Added to the National Register of Historic Places in 1983, this historic home was once the residence of prominent local civic leader, industrialist, lumberman, and railroad engineer and executive J.J. Donovan. Donovan was instrumental in developing Bellingham in the late 18th and early 20th centuries. The house, which is located prominently on a hill overlooking Bellingham Bay, was originally built by its first owner, Edward Fischer, in 1890. In terms or architecture, Fischer designed it in the Stick/Eastlake style but Donovan expanded the home and changed its design to the Tudor Revival style. For many years, the house was a women's dormitory for Western Washington University.
John Joseph Donovan was born on September 8, 1858 in New Hampshire. His parents, Patrick and Julia, were Irish immigrants. They moved to the town of Plymouth where Donovan grew up. He attended the New Hampshire State Normal School and worked as a teacher for three years before studying civil engineering at Worcester Polytechnic Institute. He graduated first in his class in 1882 and was hired immediately by the Northern Pacific Railway Company, which tasked him to survey land in Montana for the Transcontinental Railroad. He became assistant construction engineer and was at the golden spike ceremony in Helena where the railroad was completed. Donovan then worked on building track and bridges for a railroad that reached the Puget Sound in 1887.
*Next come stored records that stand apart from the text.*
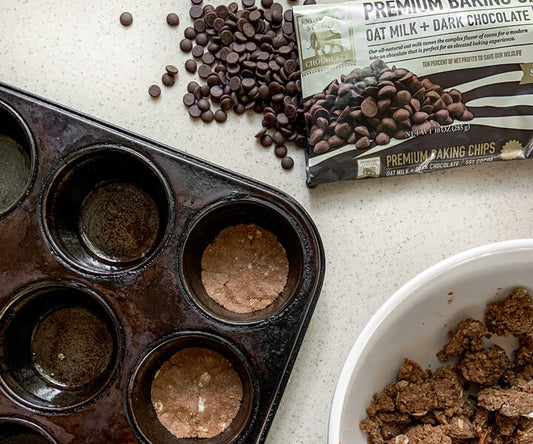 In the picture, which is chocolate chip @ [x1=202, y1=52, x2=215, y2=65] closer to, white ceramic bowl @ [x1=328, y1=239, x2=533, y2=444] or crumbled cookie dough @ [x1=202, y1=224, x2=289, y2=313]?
crumbled cookie dough @ [x1=202, y1=224, x2=289, y2=313]

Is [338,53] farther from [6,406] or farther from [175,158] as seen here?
[6,406]

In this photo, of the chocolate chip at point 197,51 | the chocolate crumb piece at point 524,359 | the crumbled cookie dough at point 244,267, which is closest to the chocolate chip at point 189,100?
the chocolate chip at point 197,51

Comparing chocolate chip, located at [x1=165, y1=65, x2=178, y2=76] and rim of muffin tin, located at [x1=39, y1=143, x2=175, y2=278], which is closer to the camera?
rim of muffin tin, located at [x1=39, y1=143, x2=175, y2=278]

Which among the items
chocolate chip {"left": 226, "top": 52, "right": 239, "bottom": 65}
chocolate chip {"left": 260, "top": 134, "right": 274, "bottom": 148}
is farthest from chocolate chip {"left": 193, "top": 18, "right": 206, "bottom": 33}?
chocolate chip {"left": 260, "top": 134, "right": 274, "bottom": 148}

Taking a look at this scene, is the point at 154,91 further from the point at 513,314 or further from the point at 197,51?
the point at 513,314

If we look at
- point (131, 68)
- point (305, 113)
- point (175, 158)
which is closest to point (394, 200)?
point (305, 113)

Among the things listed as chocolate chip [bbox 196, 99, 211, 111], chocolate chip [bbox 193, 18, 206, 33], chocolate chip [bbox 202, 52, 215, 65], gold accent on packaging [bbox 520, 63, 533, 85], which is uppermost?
chocolate chip [bbox 193, 18, 206, 33]

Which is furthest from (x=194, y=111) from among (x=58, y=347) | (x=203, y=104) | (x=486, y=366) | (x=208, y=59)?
(x=486, y=366) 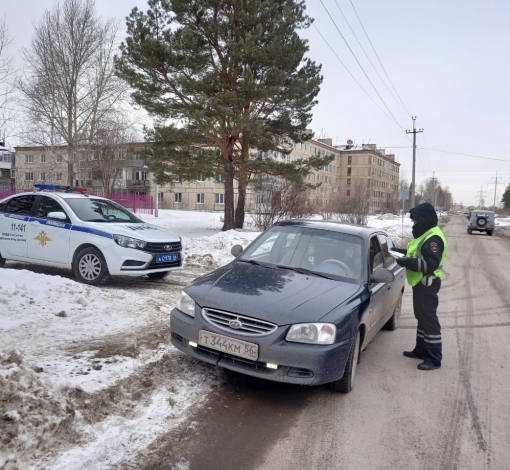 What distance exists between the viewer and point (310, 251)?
15.6 ft

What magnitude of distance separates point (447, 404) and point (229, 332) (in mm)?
2149

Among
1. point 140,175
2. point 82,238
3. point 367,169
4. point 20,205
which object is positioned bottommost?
point 82,238

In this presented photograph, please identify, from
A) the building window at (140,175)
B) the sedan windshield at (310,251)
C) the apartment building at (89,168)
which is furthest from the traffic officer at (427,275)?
the building window at (140,175)

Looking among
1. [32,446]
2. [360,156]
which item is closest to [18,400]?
[32,446]

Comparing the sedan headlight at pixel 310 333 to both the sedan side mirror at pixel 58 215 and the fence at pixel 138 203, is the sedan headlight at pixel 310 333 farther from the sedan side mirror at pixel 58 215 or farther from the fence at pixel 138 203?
the fence at pixel 138 203

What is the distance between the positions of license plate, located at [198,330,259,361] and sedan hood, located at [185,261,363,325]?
0.78ft

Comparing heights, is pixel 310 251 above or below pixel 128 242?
above

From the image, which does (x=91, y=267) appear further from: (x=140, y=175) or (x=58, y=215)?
(x=140, y=175)

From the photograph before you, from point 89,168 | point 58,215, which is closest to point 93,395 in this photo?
point 58,215

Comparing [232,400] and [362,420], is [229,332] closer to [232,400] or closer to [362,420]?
[232,400]

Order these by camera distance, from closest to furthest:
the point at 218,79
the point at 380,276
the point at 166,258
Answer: the point at 380,276 < the point at 166,258 < the point at 218,79

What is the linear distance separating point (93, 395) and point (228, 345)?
1.15 meters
Next, a railroad contractor named Nelson Bennet, who founded the newly established Fairhaven and Southern Railroad, hired Donovan to build a line from Seattle to Bellingham to encourage development there (at the time the area had a few communities, one of which was called Fairhaven; they were eventually incorporated into Bellinghman). Donovan eventually became director of the railroad. He also seized other opportunities, becoming chief of the Fairhaven Land Company and a principal in the Skagit Coal and Transportation Company. In 1890, after Fairhaven was officially established, Donovan served as a member the city's first and second councils and oversaw the construction of the sewage system. In these ways, Donovan contributed significantly to the city's growth between 1889-1892. In 1898, he co-founded a logging company, which became one of the largest in the region by 1913.
In addition to his business ventures, Donovan held political positions and was involved in philanthropic and educational pursuits. He served on the State Board of Road Commissioners and a number of local positions. He donated land for the construction of a hospital, served for several years on the Board of Trustees of the Bellingham State Normal School (what is now Western Washington University), and helped establish the Washington Good Roads Association. Donovan was also a moral man. When the Ku Klux Klan asked to include a float in the 1926 Tulip Parade, he, as parade chair, denied the request (he had also previously wrote an article criticizing the klan).
He and his wife Clara (they got married in 1888) had three children, two daughters and a son. Clara passed away in 1936 and Donovan in 1937. The state bought the home in 1946 and converted it into a women's dormitory, which lasted for 25 years. After that, the first floor became a dentist's office and the upper floors apartments. The dentist's office seems to have closed. A statue commemorating Donovan is located on the corner of 11th and Harris streets.